At the same time there are many erroneous implementations (intentional and
unintentional) that, as you imply, just cache any 200 without checking cache
headers. This is also a good practical reason to avoid doing this.

------
TeMPOraL
I know that pg "actively does not care about search engine results", but HTTP
spec has _other applications besides Google pagerank_. It's hard to build
amazing new technologies and improve the Web if people keep ignoring the
standards without a good, technical reason. Please, for the sake of the
example set to others, send the proper HTTP codes.

------
joshsegall
This isn't bad for just Google. RSS aggregators were also getting the
"everything's fine" message. I thought I had a bug in my aggregator until I
went to the site and realized it was down.

------
ignostic
He's right that for most sites this would be undesirable, but PG has stated
that they aren't looking for a lot of Google traffic. But then, just because
it doesn't matter to PG doesn't mean it doesn't matter at all.

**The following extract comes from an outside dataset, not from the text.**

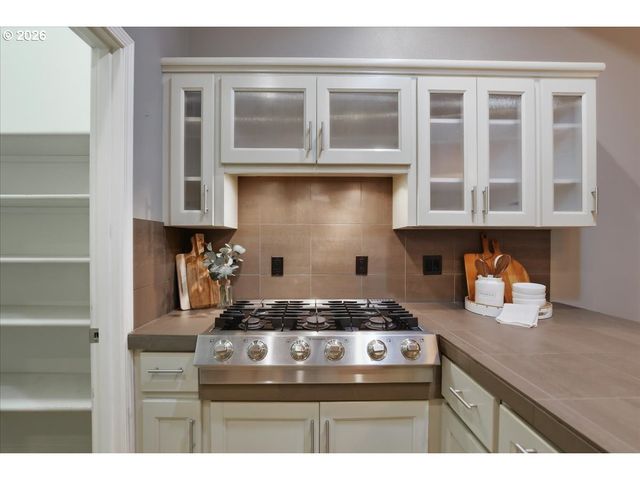 9623 Ne OAK VIEW Dr, Vancouver, WA 98662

I've more than once found myself Googling old HN threads I'd like to find, but
can't. Google's search (and site search) is miles better than HN's, but HN
intentionally limits Google's crawl rate, thus limiting the amount of content
crawled and indexed.

------
mountaineer
Just hit HN this morning and got the downtime message. Then I remembered this
post and did a hard refresh to get back to normal. Browsers certainly
aggressively cached it.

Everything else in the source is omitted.